ABOUT THIS EXERCISE: Beginning at the line containing "1947 Instructor s", repeat each line below exactly up to and including the line containing "Hermetic Lunch Box". Do not repeat the pictures.
===== RECORD SET
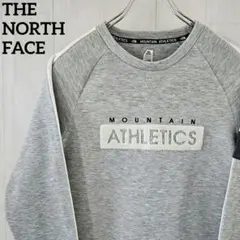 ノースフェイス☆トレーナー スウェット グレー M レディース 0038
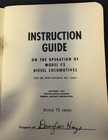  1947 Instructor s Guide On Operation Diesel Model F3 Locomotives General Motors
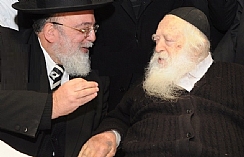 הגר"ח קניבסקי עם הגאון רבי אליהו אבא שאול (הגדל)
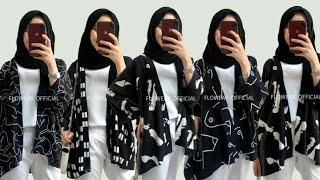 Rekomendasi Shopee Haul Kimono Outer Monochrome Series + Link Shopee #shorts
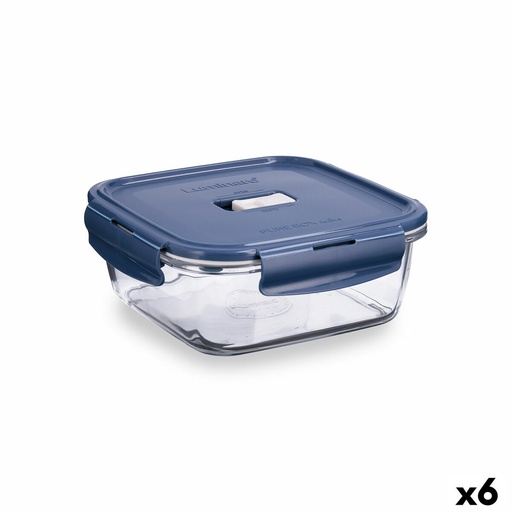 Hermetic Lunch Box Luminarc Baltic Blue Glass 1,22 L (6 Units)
==========
===== RECORD SET
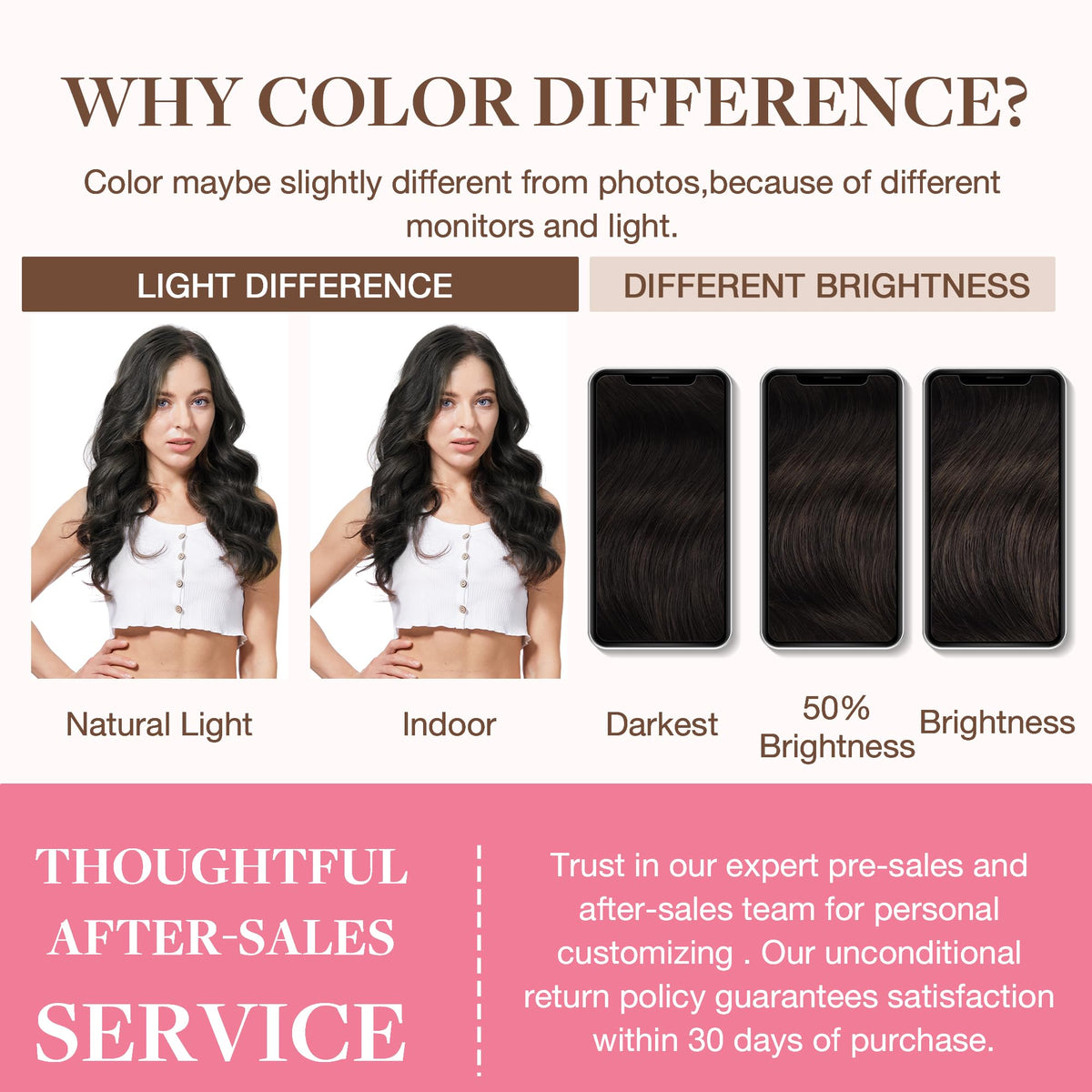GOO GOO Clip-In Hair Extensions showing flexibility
==========
TASK OUTPUT:
  1947 Instructor s Guide On Operation Diesel Model F3 Locomotives General Motors
 הגר"ח קניבסקי עם הגאון רבי אליהו אבא שאול (הגדל)
 Rekomendasi Shopee Haul Kimono Outer Monochrome Series + Link Shopee #shorts
 Hermetic Lunch Box Luminarc Baltic Blue Glass 1,22 L (6 Units)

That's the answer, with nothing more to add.